Mistral Small 4 VRAM Requirements - 119B Hardware Guide
Exact VRAM for Mistral Small 4 119B at Q4_K_M, Q5_K_M, Q6_K, Q8_0, and FP16. See whether 80GB GPUs or high-memory Macs can run it locally.
If you are searching for Mistral Small 4 VRAM requirements, the short answer is: this is not a 24GB or 48GB consumer-GPU model.
Quick answers
- Q4_K_M: ~72.6 GB
- Q5_K_M: ~85.7 GB
- Q6_K: ~97.6 GB
- Q8_0: ~127.3 GB
- FP16: ~244.0 GB
Mistral Small 4 119B sits in a very different class from Mistral Small 24B. It is a high-end local model for 80GB GPUs, high-memory Macs, or larger serving setups.
Mistral Small 4 VRAM by Quantization
These numbers are weights-only estimates. Add more memory for KV cache, runtime overhead, and serving headroom.
| Quantization | VRAM |
|---|---|
| Q4_K_M | 72.6 GB |
| Q5_K_M | 85.7 GB |
| Q6_K | 97.6 GB |
| Q8_0 | 127.3 GB |
| FP16 | 244.0 GB |
Why Mistral Small 4 Feels Confusing
The name makes it sound close to "Mistral Small 24B". It is not.
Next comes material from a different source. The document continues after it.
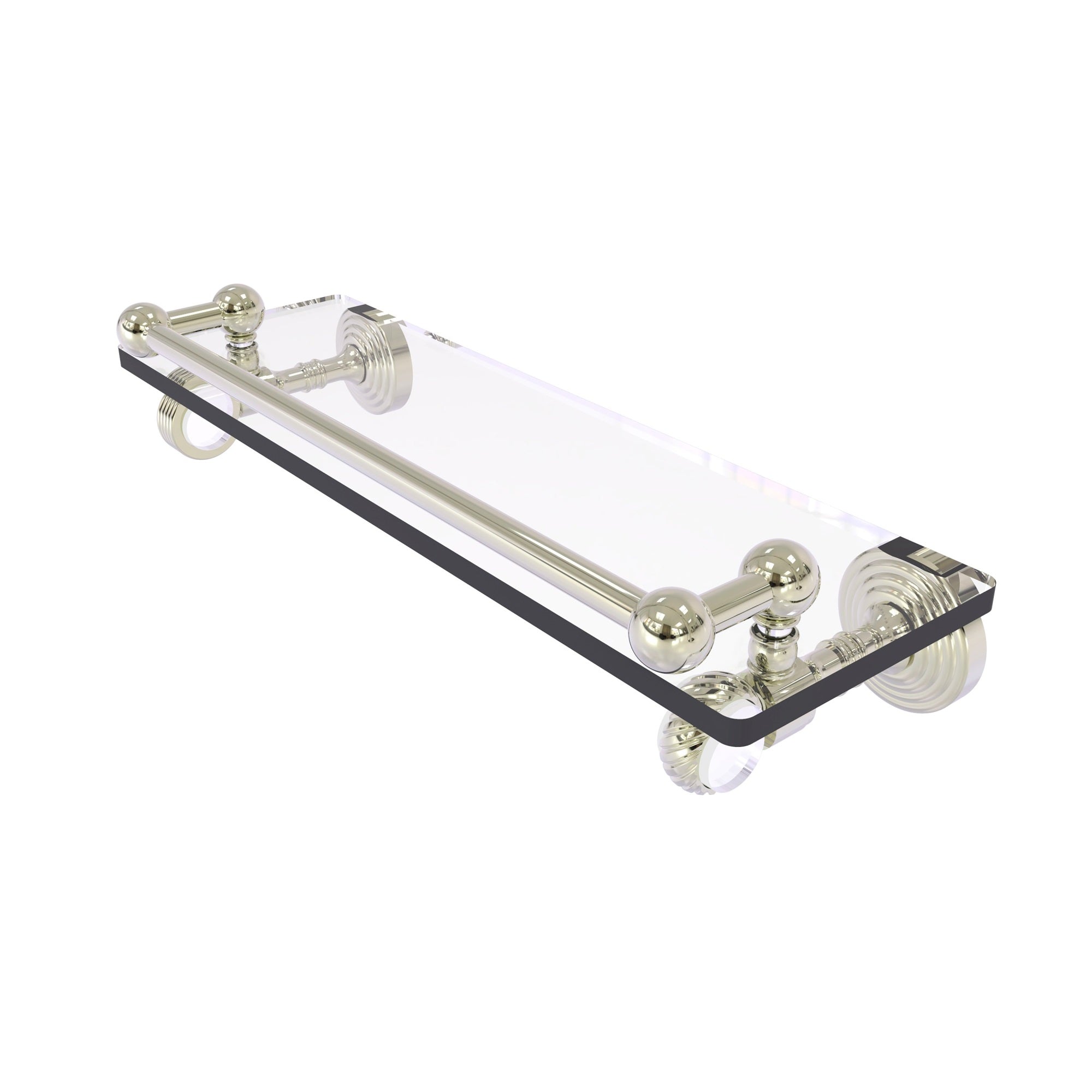 Pacific Grove Collection 16 Inch Gallery Glass Shelf With Twisted Accents - Polished Nickel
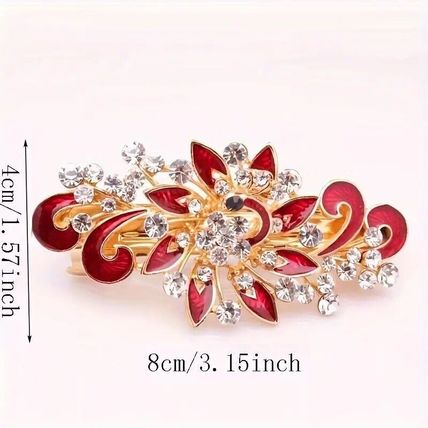 Bohemian Style Rhinestone Decor Hair Clip Minimalist Elegant French Barrette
Mistral Small 4 is a frontier-tier 119B model with a much larger memory footprint. That is why Google is ranking broad Mistral requirement pages for queries like mistral small 4 vram requirements while the answer people need is actually simple:
- it is a serious model
- it needs serious memory
- it is not a clean fit for mainstream single-GPU local use
What Hardware Can Actually Run Mistral Small 4?
24GB and 48GB GPUs
This is the wrong tier.
- A single RTX 4090 24GB is not enough
- Even 48GB class cards are still well below a clean Q4_K_M fit
You can force ugly offload-heavy setups, but that is not a good recommendation.
80GB GPU Tier
This is where Mistral Small 4 starts making sense.
- NVIDIA H100 80GB: realistic Q4_K_M single-GPU option
- NVIDIA A100 80GB: also viable at Q4_K_M
If your goal is to run Mistral Small 4 locally without turning the setup into an experiment, 80GB is the real entry point.
High-Memory Apple Silicon
Apple Silicon can be relevant here because unified memory changes the fit story.
- 128GB Macs are the first plausible single-machine Apple tier for Q4_K_M
- 192GB Macs are much safer if you want headroom for context and runtime overhead
This is exactly the kind of model where Apple Silicon becomes attractive as a capacity-first local platform.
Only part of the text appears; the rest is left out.